Abreu, now 45 years old, retired with exactly 60 Wins Above Replacement, according to Baseball Reference. Among Hall of Famers who played at least 50 percent of their games in the outfield, Abreu is in the same neighborhood as Andre Dawson (64.8 WAR), Dave Winfield (64.2), Vladimir Guerrero (59.4), Willie Stargell (57.5), and is substantially ahead of Kirby Puckett (51.1).

During his prime, 1998-2004, Abreu accrued 41.5 WAR, per FanGraphs. The only outfielders with more WAR in that span of time were Barry Bonds (66.8) and Andruw Jones (43.4). He should have been a perennial All-Star but, through no fault of his own, he wouldn’t get his first All-Star nod until 2004. He would repeat in 2005. Similarly, Abreu won just one Gold Glove and one Silver Slugger, again through no fault of his own.

Abreu retired with terrific counting stats as well. He racked up 2,470 hits including 574 doubles, 59 triples, and 288 home runs. He stole 400 bases and drew 1,476 walks. There are 28 players in baseball history who have drawn 1,400-plus walks. The 500-doubles club is similarly exclusive, boasting only 63 members. Of those 63 players, 12 — including Abreu, of course — also stole 400-plus bases. Of those 12 players, four swatted at least 250 homers additionally: Abreu, Craig Biggio, Barry Bonds, and Rickey Henderson. Abreu had a very unique and elite offensive skillset, one matched by a handful of legendary players throughout baseball history.

Abreu’s candidacy is hurt by a few factors. The lack of hardware, as mentioned, which isn’t his fault. Secondly, Abreu he didn’t get a real shot in the postseason until 2006 with the Yankees and while his overall playoff numbers are solid, he didn’t do anything particularly noteworthy like, say, Jack Morris. For some people, the postseason résumé matters. Abreu rarely led the league in any one category, doing so only in 1999 with 11 triples and in 2002 when he led the NL with 50 doubles. Lastly, Abreu didn’t have a particularly high peak. His best year was 2004, when he posted 6.6 WAR. He actually had seven seasons of at least five WAR. His former teammate Scott Rolen, by comparison, peaked at 9.2 WAR in ’04. Abreu was extremely consistent but he never had a year in the forefront of the MVP Award conversation; his highest finish was 12th place in ’09 with the Angels when he was given two of 30 fifth-place votes.

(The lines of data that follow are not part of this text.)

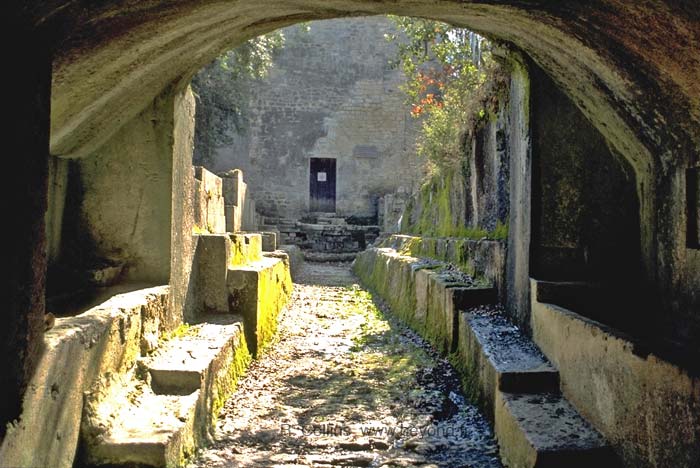  Cereste photo cereste-carluc002b.jpg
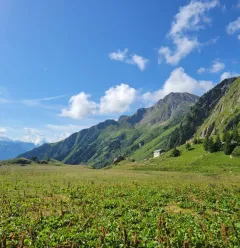 Wanderroute: Sentier de la Croix du Berger (Pfad des Hirtenkreuzes)_Aime-la-Plagne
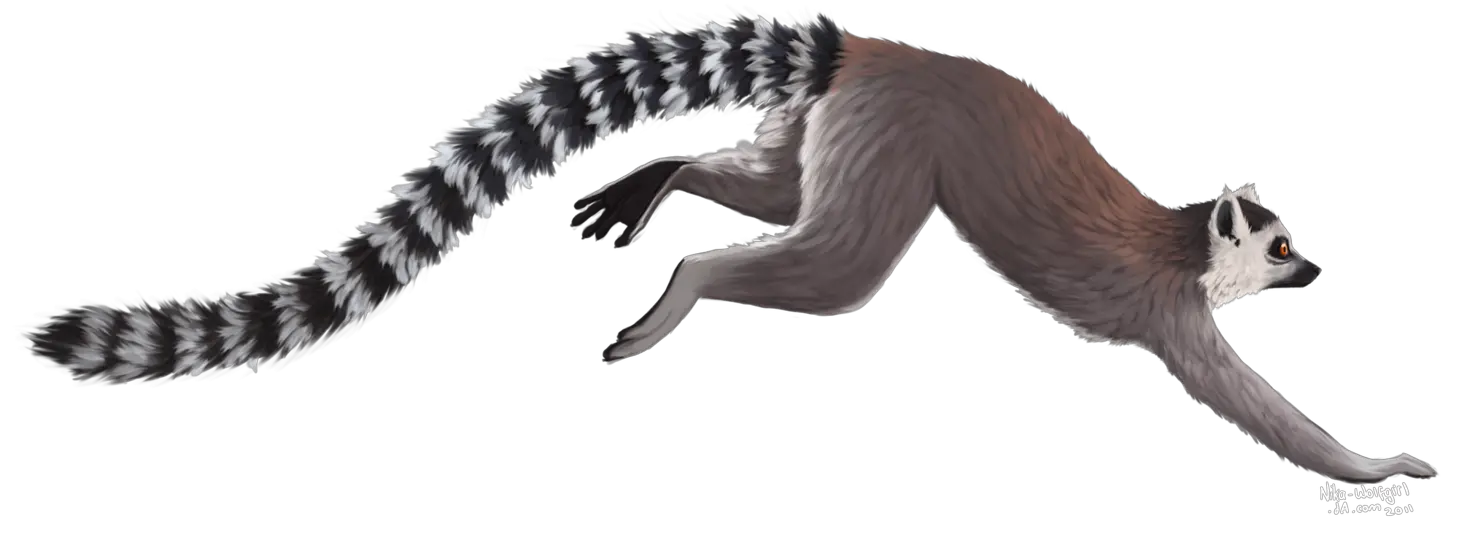  Lemur Png Transparent Background Image For Free Download 3 Ring Tailed Lemur Png Skunk Transparent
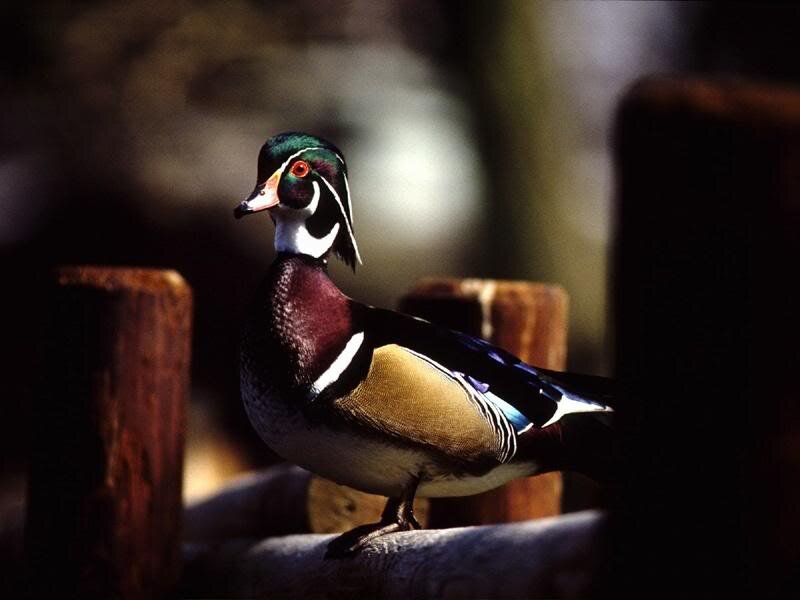 Wood Duck Perched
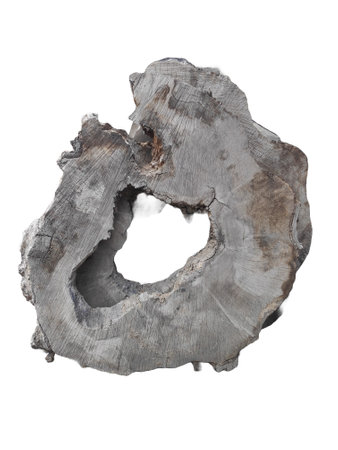 cut of a tree on a transparent background. piece of wood in cross section with wood texture pattern isolated on a white background. Detailed organic surface.の写真素材
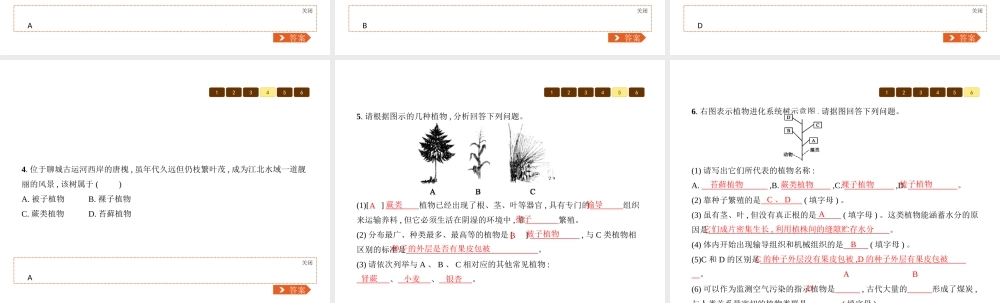 八年级生物下册 22.3植物的主要类群课件2 （新版）北师大版-（新版）北师大级下册生物课件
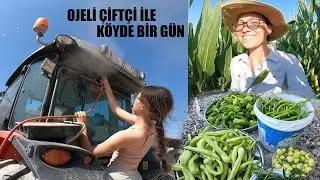 TOHUMLUK MISIRDAN ELLE DAMLAMA TOPLADIK-FİDANLARIMIZI SULADIK-5710 VE PICKUPA TEMİZLİK-SEMAVER ÇAYI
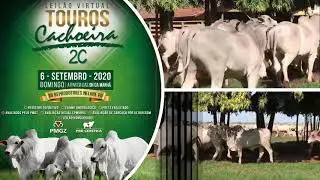 Leilão Virtual - Touros Cachoeira 2C
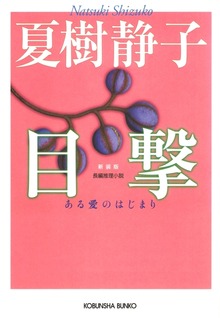 目撃～ある愛のはじまり～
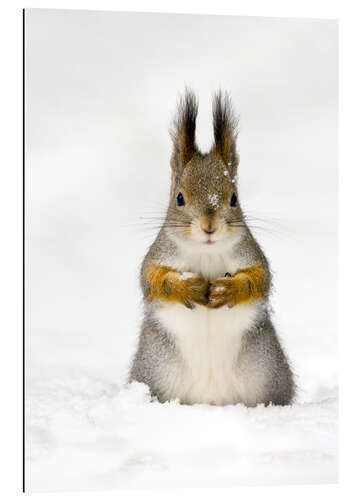 Gallery Print Rotes Eichhörnchen im Schnee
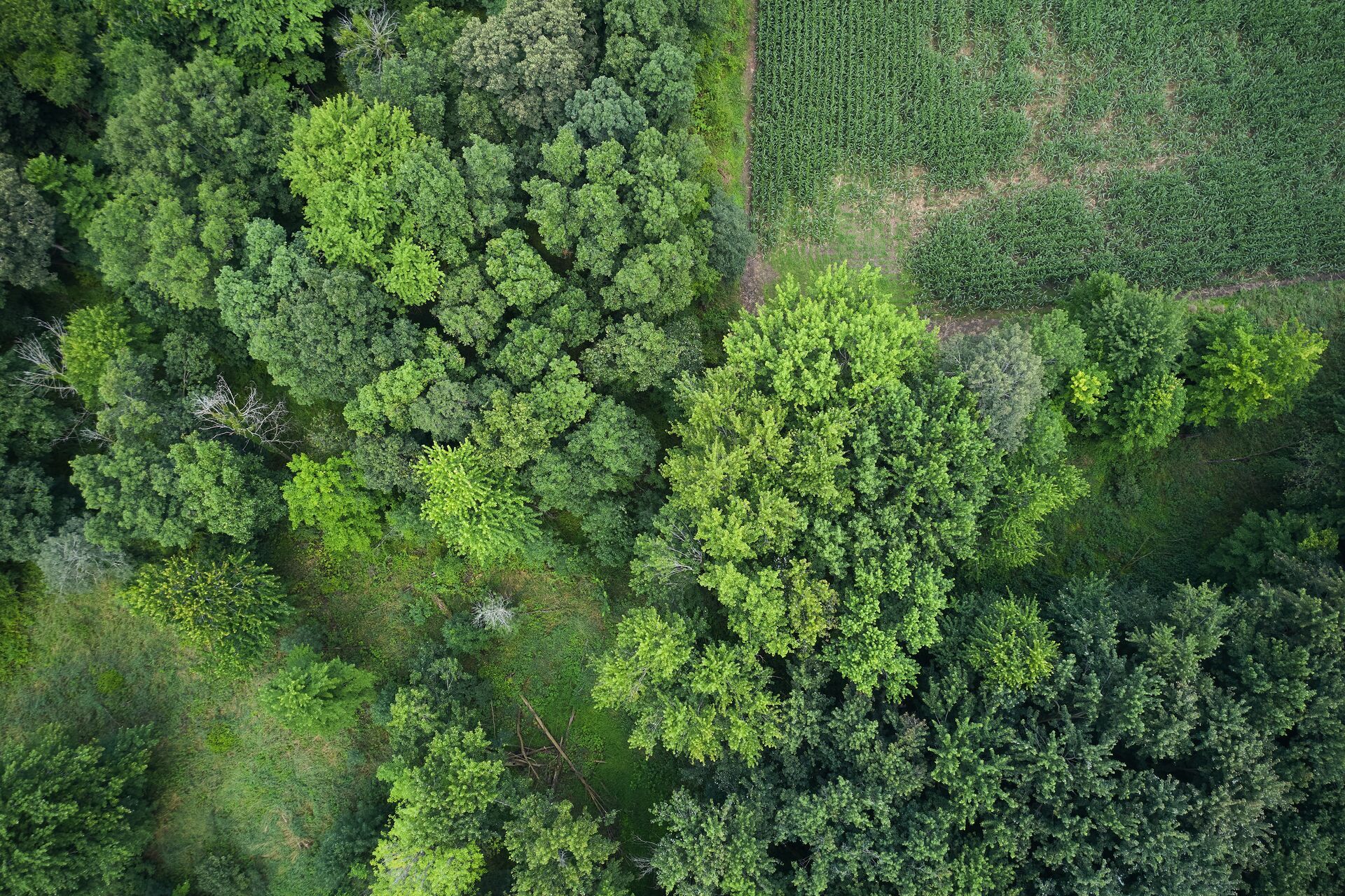 Aerial view of hunting land, deer hunting season concept. 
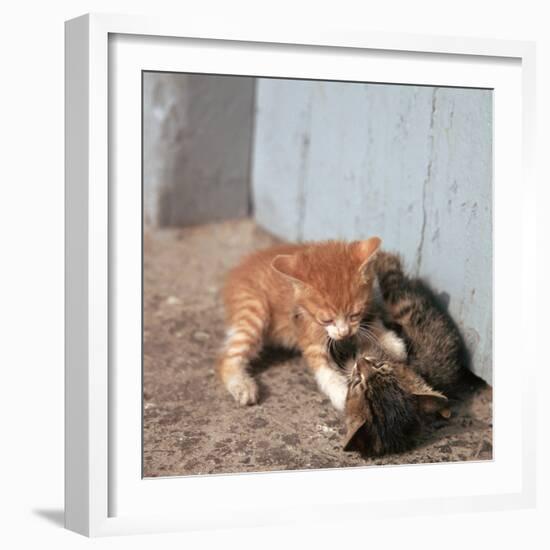 Kittens in Heracleion, Crete-CM Dixon-Framed Photographic Print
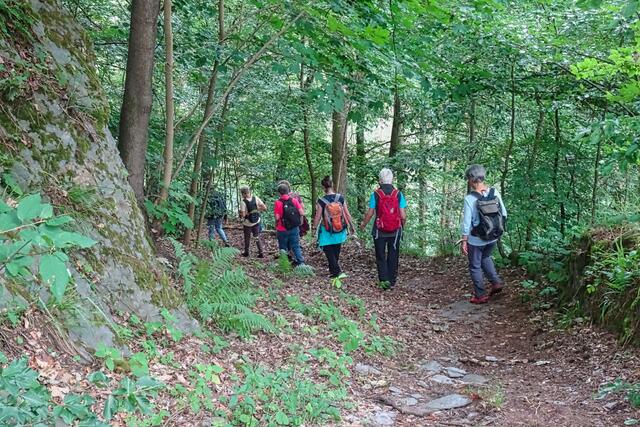 Abstieg ins Bodetal | Foto: Gerd Horenburg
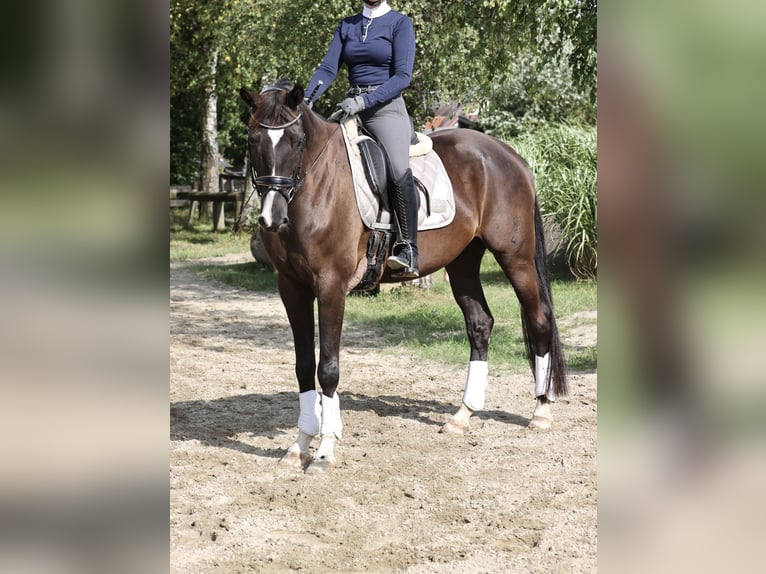 Caballo de deporte alemán Caballo castrado 11 años 172 cm Negro in Bissingen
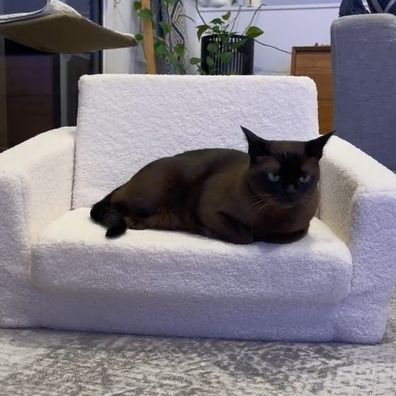 TikTok video of Kmart sofa being reused as a cat chair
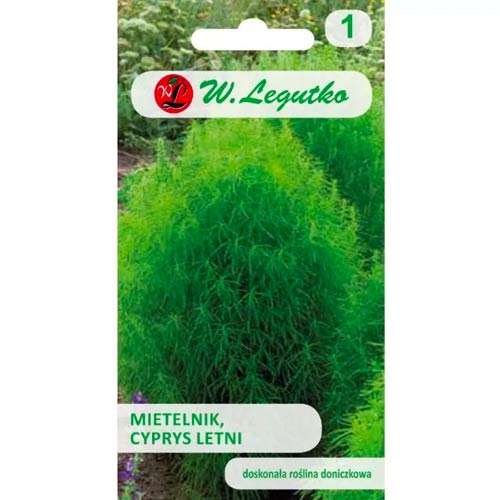 Кохия (Kochia Scoparia) Legutko артикул фото 1 Кохия (Kochia Scoparia) Legutko изображение 1 артикул 78580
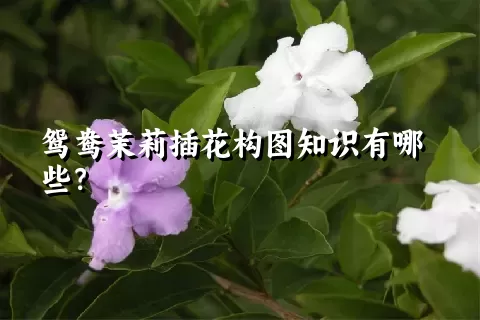 鸳鸯茉莉插花构图知识有哪些？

There are more deserving players on the ballot, for sure. Barry Bonds, Roger Clemens, and Manny Ramírez would be slam dunk Hall of Famers if not for the specter of performance-enhancing drugs surrounding them. Larry Walker has been more criminally underrated than Abreu, and one could say the same of Rolen. Curt Schilling has some extracurricular activities hurting his candidacy, otherwise he’d be a shoo-in. Abreu is right up there in that second tier of players on the ballot. Voters who are being stingy with their votes ought to consider Abreu’s case deeply.